WORK INSTRUCTIONS: Using the listing below, output only the lines from the one that contains "25岁脸上有斑用什么平价护肤品,脸上有斑气色差用什么护肤品" through the one that contains "roses.jpg 30.47 KB", inclusive, exactly as given and without images.

EXTRACTED RECORDS:
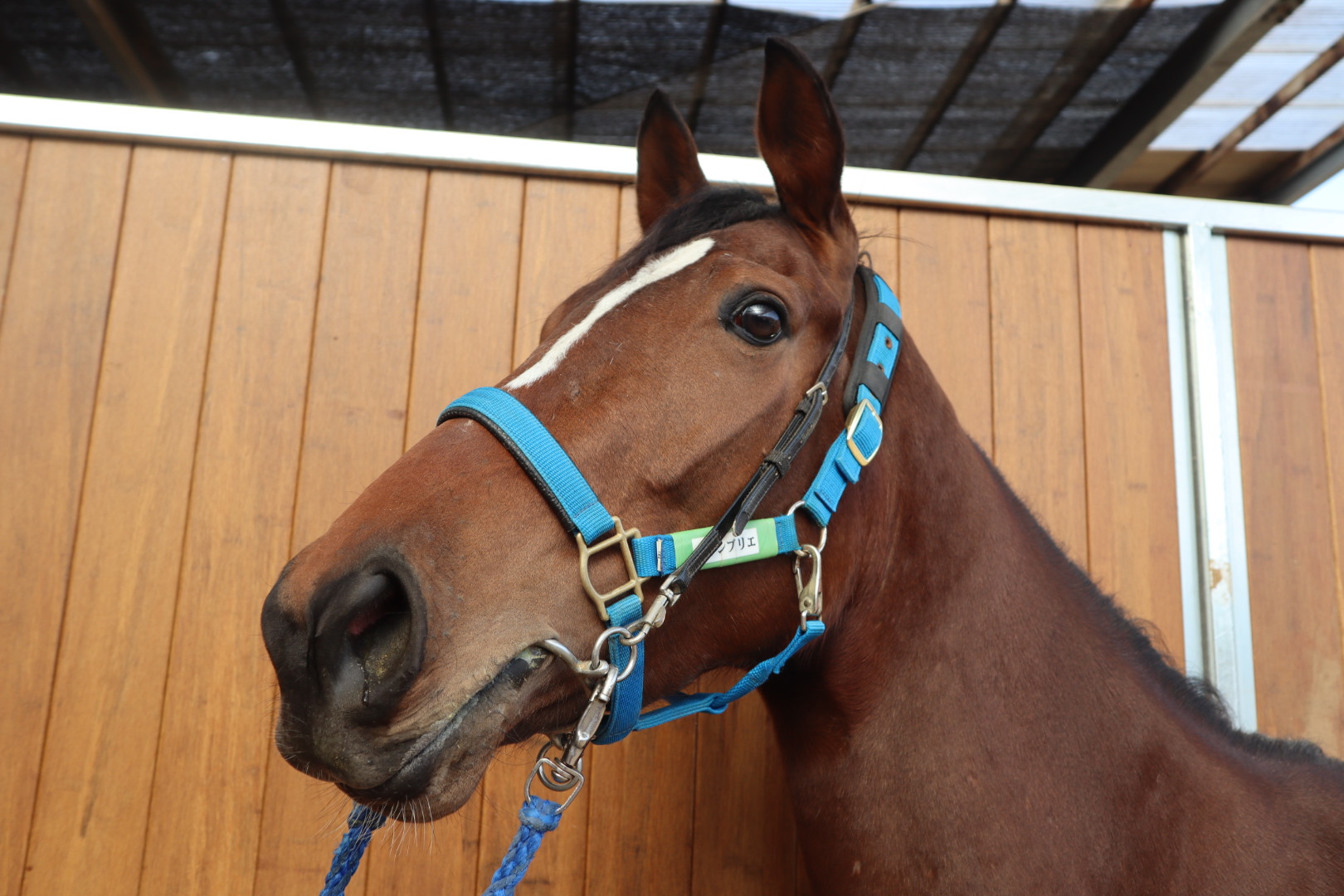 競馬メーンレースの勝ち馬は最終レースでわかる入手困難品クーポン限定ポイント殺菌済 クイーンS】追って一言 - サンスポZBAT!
---
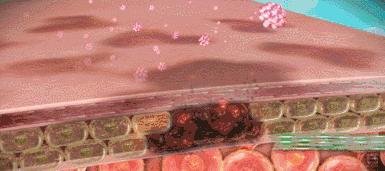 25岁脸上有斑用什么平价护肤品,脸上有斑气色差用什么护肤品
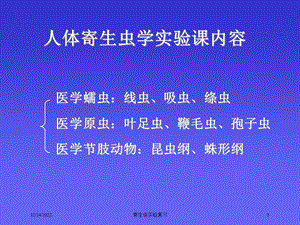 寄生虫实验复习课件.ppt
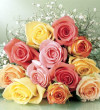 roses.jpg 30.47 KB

YOUR SOLUTION:
 25岁脸上有斑用什么平价护肤品,脸上有斑气色差用什么护肤品
 寄生虫实验复习课件.ppt
 roses.jpg 30.47 KB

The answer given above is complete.